• **GIVEN RECORDS**:
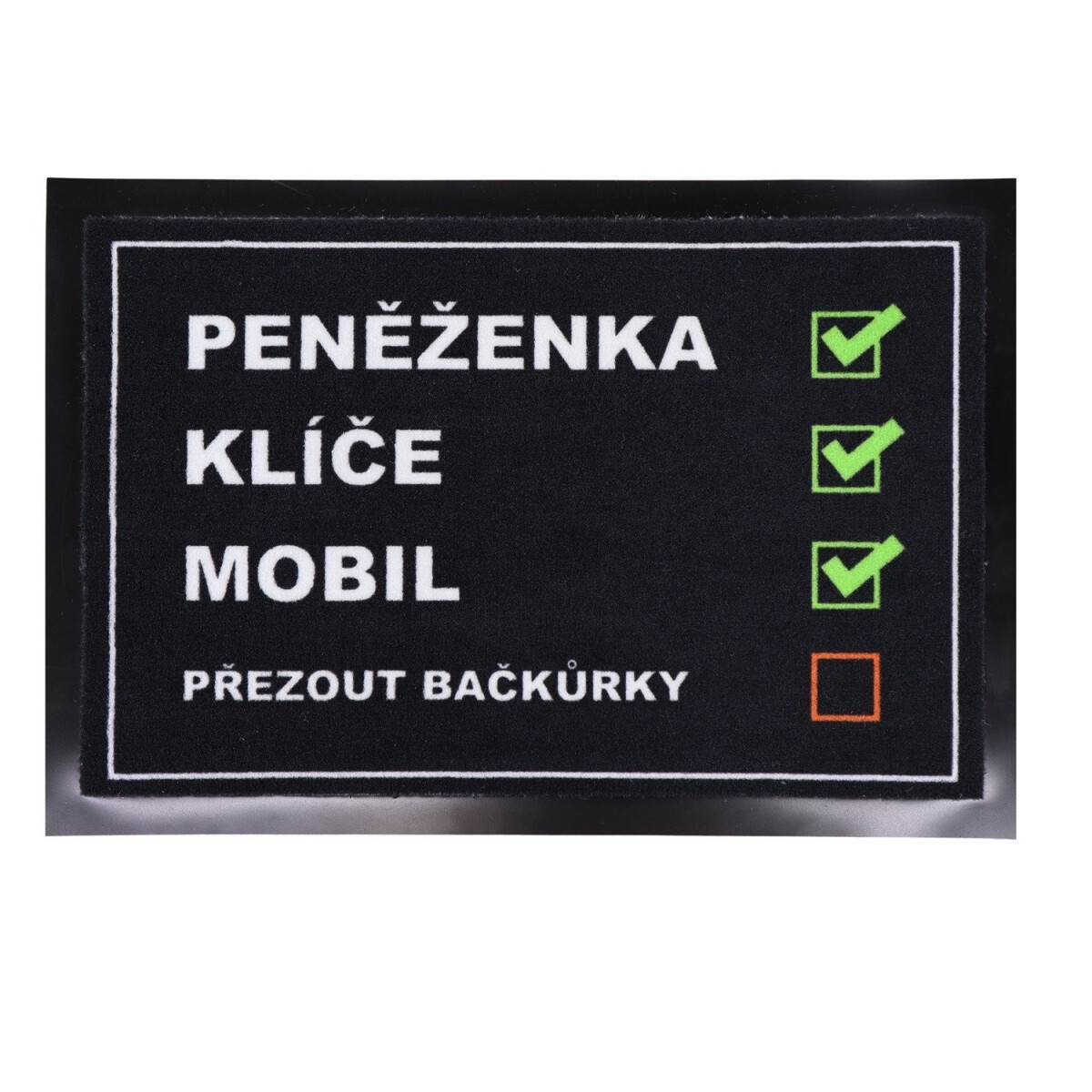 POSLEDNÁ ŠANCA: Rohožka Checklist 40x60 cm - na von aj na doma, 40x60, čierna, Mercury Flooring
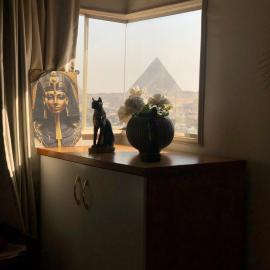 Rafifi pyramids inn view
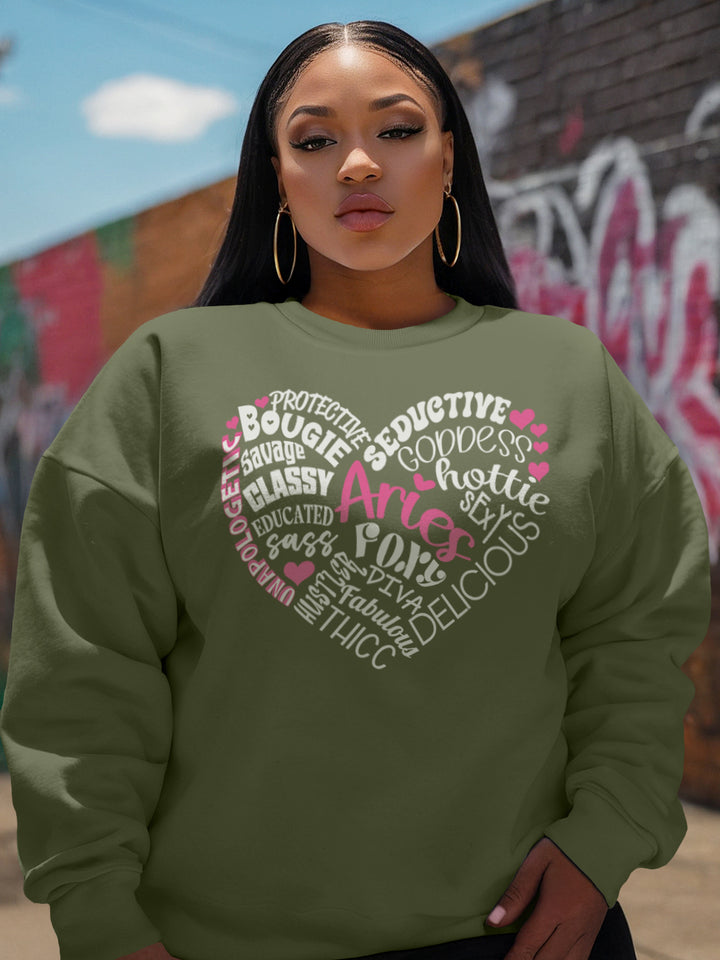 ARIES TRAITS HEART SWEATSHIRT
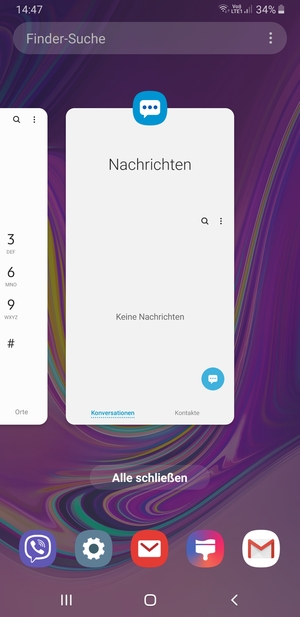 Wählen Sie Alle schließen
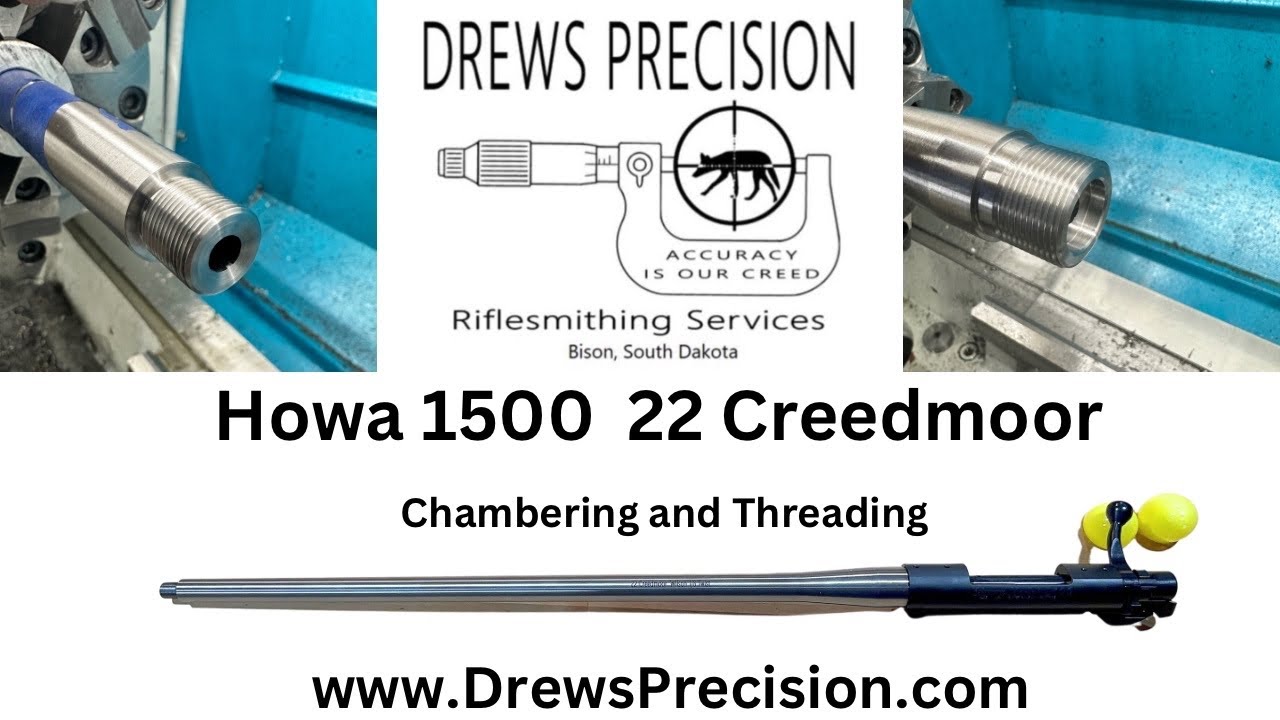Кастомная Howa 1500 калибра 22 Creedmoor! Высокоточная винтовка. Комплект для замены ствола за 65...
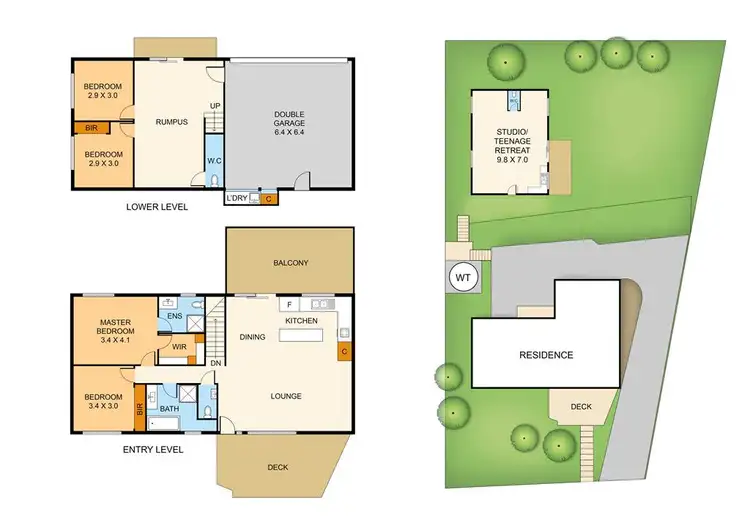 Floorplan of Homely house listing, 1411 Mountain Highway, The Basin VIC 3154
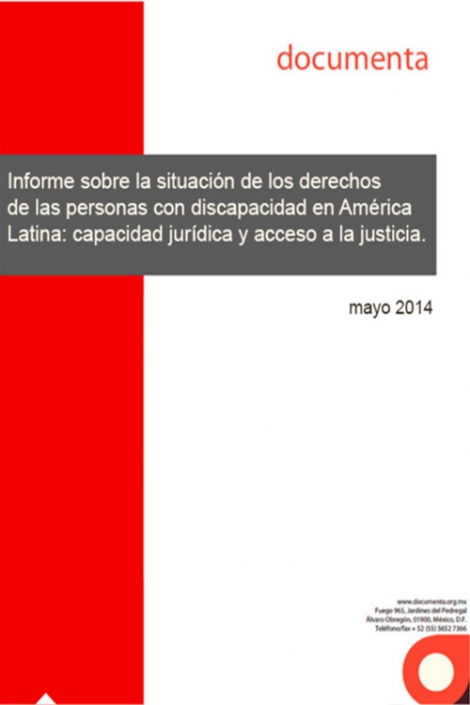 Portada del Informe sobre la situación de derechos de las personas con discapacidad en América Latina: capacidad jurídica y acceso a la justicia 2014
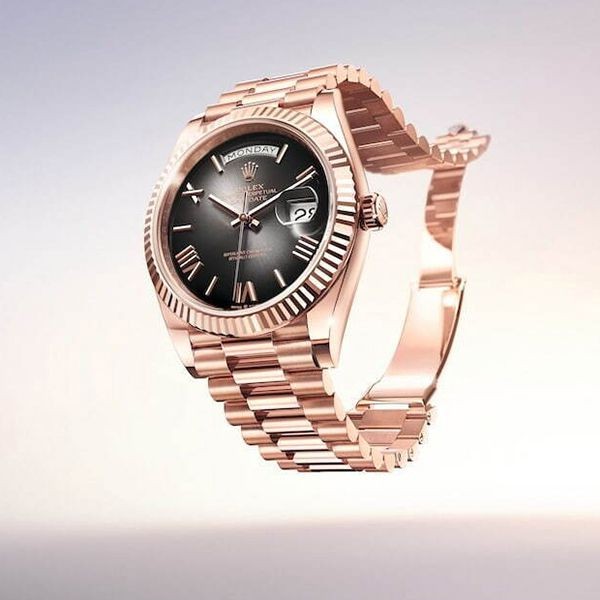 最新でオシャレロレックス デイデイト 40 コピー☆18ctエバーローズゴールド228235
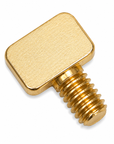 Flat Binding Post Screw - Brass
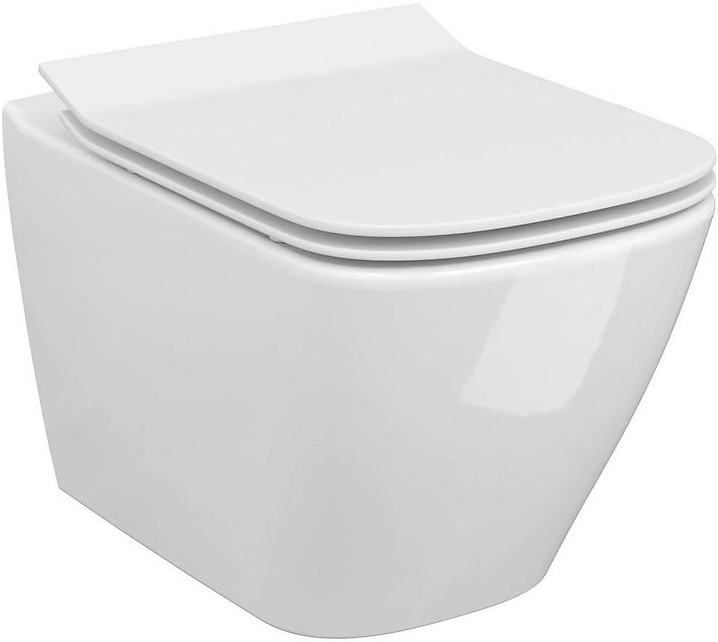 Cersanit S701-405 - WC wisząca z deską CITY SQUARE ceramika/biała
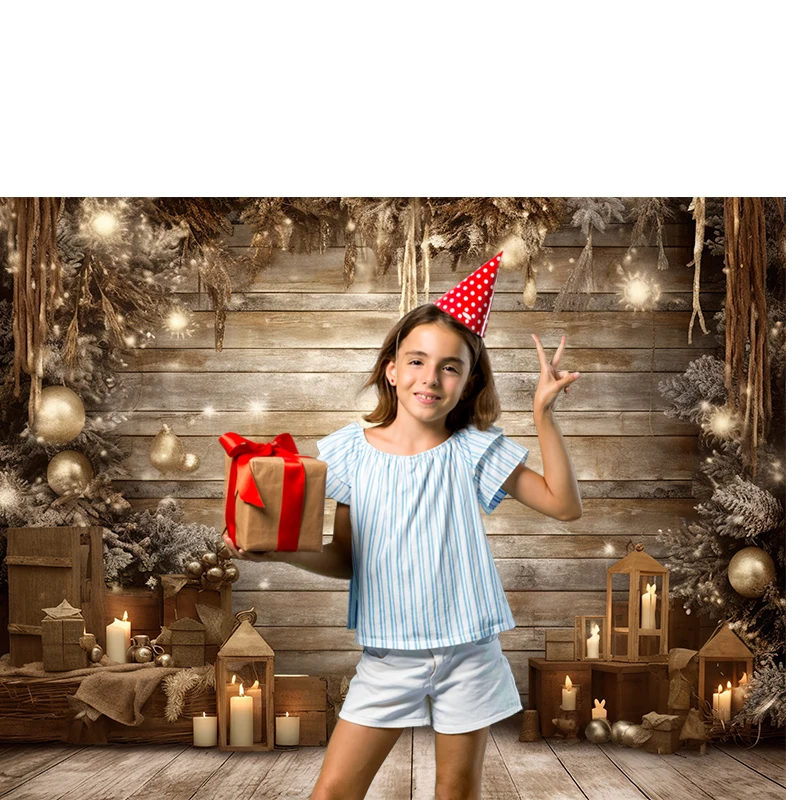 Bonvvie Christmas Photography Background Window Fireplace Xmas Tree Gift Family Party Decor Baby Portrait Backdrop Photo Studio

• **WORK ITEM**: Please print the lines from the one holding "Floorplan of Homely" through the end of the records above, unchanged and with the pictures left out.

• **SOLUTION FOR THIS TASK**:
 Floorplan of Homely house listing, 1411 Mountain Highway, The Basin VIC 3154
 Portada del Informe sobre la situación de derechos de las personas con discapacidad en América Latina: capacidad jurídica y acceso a la justicia 2014
 最新でオシャレロレックス デイデイト 40 コピー☆18ctエバーローズゴールド228235
 Flat Binding Post Screw - Brass
 Cersanit S701-405 - WC wisząca z deską CITY SQUARE ceramika/biała
 Bonvvie Christmas Photography Background Window Fireplace Xmas Tree Gift Family Party Decor Baby Portrait Backdrop Photo Studio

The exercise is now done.